Remembering my days of Borland Pascal — I had a polished and simple IDE from the day one where I was able to express myself in the code — this is what made coding possible for me. But as my generation of programmers matured, the young generations became increasingly neglected.

I am very inspired by initiative from Apple to teach coding to students, but for a language such as PHP, there is no central authority who can take on the task of making it more fun for students. In order for this wonderful language not to dry out, I made it my goal to make PHP more welcoming to beginners and those who have no coding experience.

Where I think problems are in learning?

We all think that what must be changed is “how we learn”. My belief is that we should ask ourselves “what we learn”. So instead of “popular” web framework I focus on “easy-to-learn” framework.

One of the goals of ATK framework (which I have authored) is to make the process of building Web Apps easy for newcompers. This is done by hiding some technologies (CLI, HTML, CSS, JS, SQL, Docker) and regarding them as implementation detail.

Here are some of the examples that tend to tangle up the learning process:

  • work with command-line can create many irrelevant problems.
  • SQL is very specific, distracting and does not fit the code pattern.
  • custom design and style tweaking only makes things look worse.
  • Linux/Docker/Apache/PHP setup knowledge is irrelevant.

I have decided to focus on installation experience and here it is — done in under a minute:

Not only the bundle works on your computer without any extra downloads (Mac has PHP pre-installed), but it contains empty Git repository making it just as simple to push it to “Github.com” and deploy to “Heroku”.

Testing ATK on school students

My theory off build web apps without digging into “implementation details”, had to be put for a test.

We approached a group of school students (aged 15–18) who knew a little bit of Pascal and had absolutely no experience in Web App or SQL development. Students were invited into a weekend “Web App Coding school”. Our goal was to work with the students once a week and teach them how to build Web Apps.

Each lesson takes approx 40 minutes — first part consisting of a “theory” and followed up with a “practice”.

Instant Gratification of a First Lesson

The first lesson is the most important for the motivation. It is our opportunity to make students passionate about what they are about to learn.

Many use this opportunity to “demonstrate” what students will be able to do in a years time. We wanted to do better than that. We wanted to let students experience first results by the end of the first lesson.

We have equipped students with some code snippets they can try out right away.

// add button and a link:
$app->add('Button')->link('http://google.com/');
// add menu with item
$menu = $app->add('Menu');
$menu->addItem('my link', 'http://google.com');
// ..

Having things appear in the app like that gives a huge gratification right away. We also instructed how to install Atom and GitHub Desktop so that students can edit their app code and save it for the next time.

Student playing with for(;;) loops after finishing early.

During the practical part, each student had a chance create a very personal and functional app. Some students relied on the basics and examples.
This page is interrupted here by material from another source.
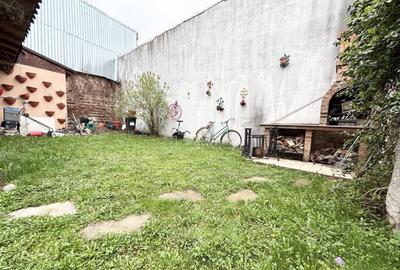 Casa zona centrala - singur #238;n curte - 243 mp - 2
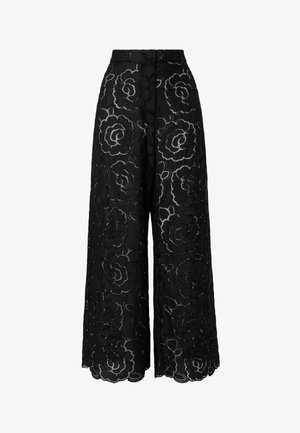 Μαύρο παντελόνι με φαρδιά γραμμή, ψηλή μέση και μεγάλο λουλουδάτο σχέδιο από δαντέλα που καλύπτει το ύφασμα.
Others started experimenting with the components and make use of their existing knowledge of variables and loops to really try out new things.

Lesson two — share with the world

Today it is very important to be able not only to create something, but to also share it. The second lesson was dedicated to going through the code lines which students successfully copy-pasted and tweaked, and to deploy them to their own personal domain using Heroku.

This addressed two goals — make students able to understand how their code works and also share their apps with their peers. To prompt collaboration, we created a facebook group where students where showing off their work.

From a long-term benefit perspective — our first two lectures have introduced students to their first work pattern — code, refresh, commit, deploy.

Lesson 3–5: The Essentials

The next few session we focused at the core concepts of ATK UI, that students will use every time they work on apps. Theory was a bit more in-depth and practical tasks were more useful and fun:

Choosing components

ATK has 30+ components powered by Semantic UI. We want students to be comfortable at adding them into their apps, so we introduced a first 5 components (buttons, labels, menus, tabs, headers) and explained where they can find other component documentation. Here is another student work from lesson 3:

Student experimenting with component style attributes and Semantic UI

Navigation, GET arguments, Includes

PHP Web Apps are different to most other apps in the way how information travels between the back-end app and the browsers. Our next theoretical part has explained the concept of passing GET arguments between requests.

We deliberately skip the explanation of POST/SESSION until later time, because often students try to use those creating anti-patterns. (Some components such as Form uses POST transparently).

For the practical exercises we were solving math tasks and making basic games:

Selecting multiplier passes argument back to the page affecting presentation of the table.

Logic, Loops and Variables

This is finally our opportunity to tell students more about PHP language constructs: conditions, loops, variables, functions. Again, we are doing it with a practical app — implementation of Pythagorean Theorem:

App introduces UI component reloading, teaches how to create Form submission handlers and logic.

Storing data in SQL database

We waste no time learning about how to write SQL statements and instead teach how to use data abstraction framework. This is much easier to understand and gives immediate results. After some explanation on data types, students can now implement a basic data manipulation pattern in an app:

Clicking on email will display a form for changing user password.

Project #1 — Party Time

The rest of our lectures is broken down into “projects”. The goal is to teach students how to dissect client requirements, how to plan work and how to structure the application. Each project will be increasingly more challenging.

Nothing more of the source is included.